The Trump administration’s Iran campaign is running into a familiar Washington trap: the calendar. The Pentagon is signaling that the War Powers Act’s famous 60-day clock does not mean what critics think it means, and Senate Republicans are asking whether that is law or a loophole.

What You Should Know

Senate Republicans are pressing the Trump administration to clarify how it is counting the War Powers Act’s 60-day deadline tied to U.S. military operations against Iran. The Pentagon’s position is being debated as Congress weighs whether to force an authorization vote.

At the center is Defense Secretary Pete Hegseth, who faced questions at a Senate Armed Services Committee hearing on April 30th, 2026, as lawmakers sized up whether the White House is treating the War Powers clock as a hard stop or a technical argument.

The 60-Day Clock Is the Story

According to Axios, the administration’s first strikes against Iran were on February 28th, 2026, which is why the 60-day marker has become a live wire on Capitol Hill. Under the War Powers framework, a president can deploy U.S. forces into hostilities, but continued action without authorization triggers statutory pressure to withdraw.

The keyword is hostilities. If the Pentagon argues the operation does not meet that definition, or that the clock started later than critics claim, then Congress’s leverage gets thinner fast, and the White House buys time without taking a politically risky authorization vote.

Hegseth’s Argument Meets Wicker’s Shrug

Axios reported that Republicans, including some who have flirted with supporting a war powers resolution, sounded open to Hegseth’s interpretation. That matters because the most effective check on a president is not a cable-news exchange. It is a bipartisan coalition willing to force a floor fight.

Instead, Senate Armed Services Chair Roger Wicker, a Mississippi Republican, signaled little appetite for panic mode, telling reporters he has “not been too concerned” about the deadline, according to Axios.
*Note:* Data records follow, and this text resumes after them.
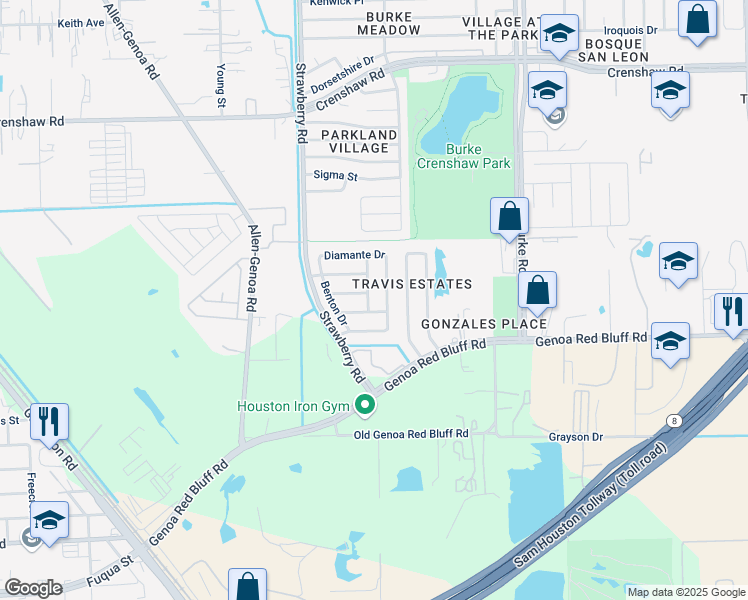 map of restaurants, bars, coffee shops, grocery stores, and more near 5212 Camarosa Drive in Pasadena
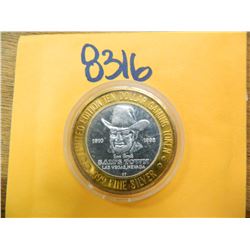 .999 Fine silver casino $10 token/strike ASW= .60 oz.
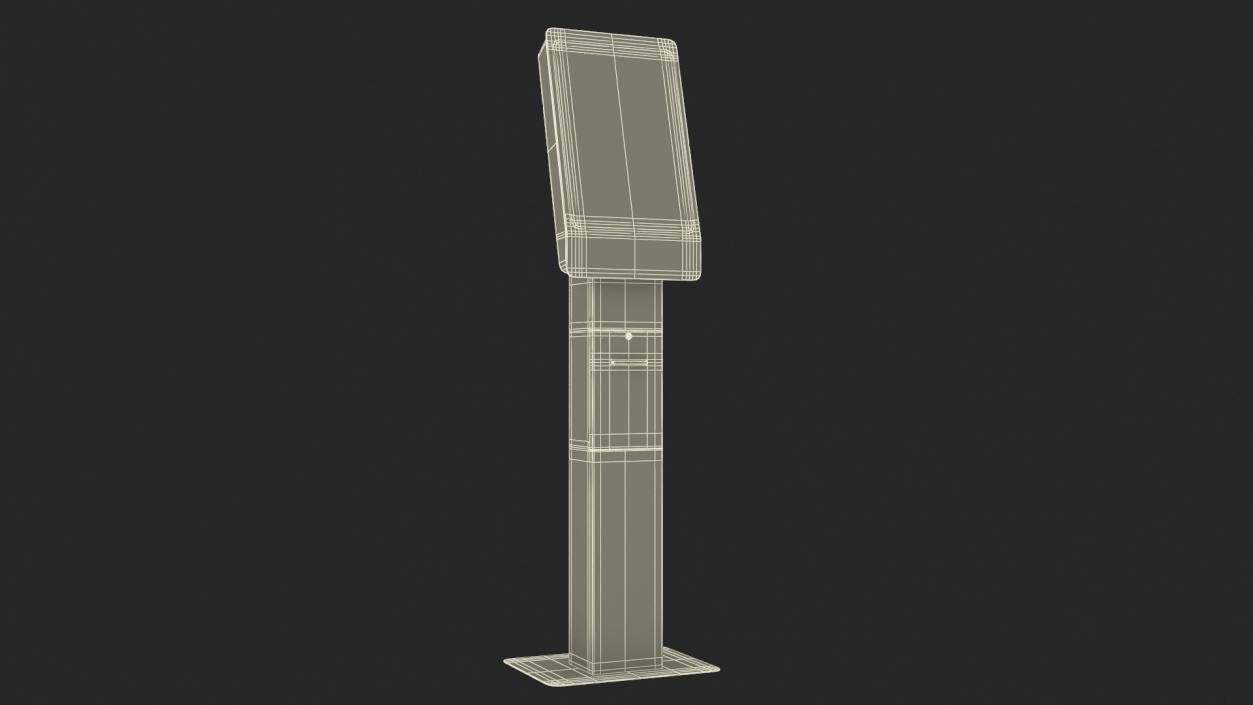 3D Hotel Kiosk 3 model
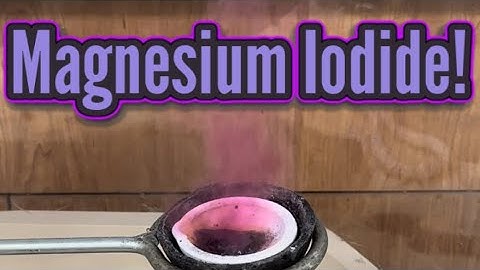Synthesizing Magnesium Iodide in RamZland!⚗️ Mg+I2→ MgI2 #STEM #ScienceForKids #ramzland #Chemistry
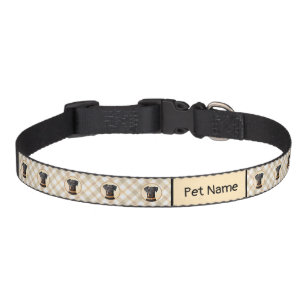 Doberman Pinscher Uncropped Painting Original Art Pet Collar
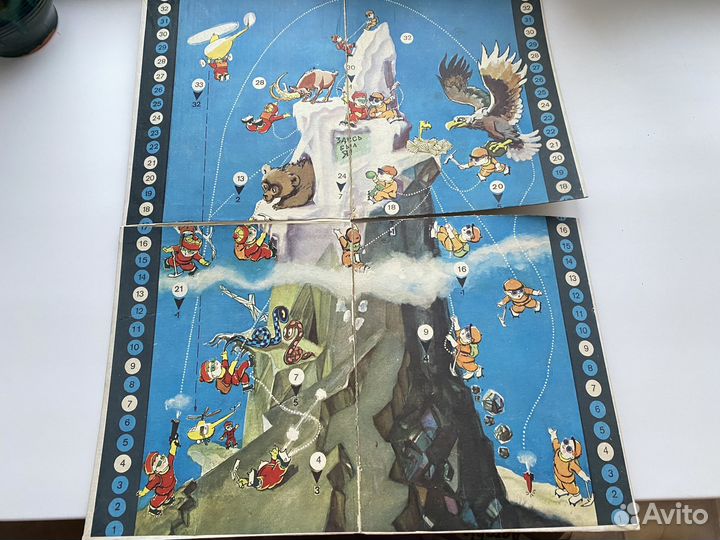 Игра настольная Альпинисты игра-ходилка 70е СССР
In plain terms, the Pentagon is facing questions, but not necessarily consequences, at least not yet.

Why the Libya Echo Still Haunts War Powers

The argument has precedent. Axios pointed to the 2011 Libya conflict, when the Obama administration faced a similar dispute over whether U.S. actions amounted to hostilities for War Powers purposes, and lawmakers accused the White House of redefining the statute to avoid a cutoff.

The War Powers Resolution, enacted in 1973 over President Richard Nixon’s veto, was designed to force consultation, reporting, and eventual congressional buy-in when U.S. forces are introduced into conflict. The National Archives and Congress.gov both describe the law’s intent as a structural check, not a suggestion.

What to watch is not just the next Pentagon briefing, but whether lawmakers turn their questions into a binding vote. If they do not, the administration’s interpretation becomes the operating reality, and the 60-day clock becomes another deadline that matters only when Congress decides it does.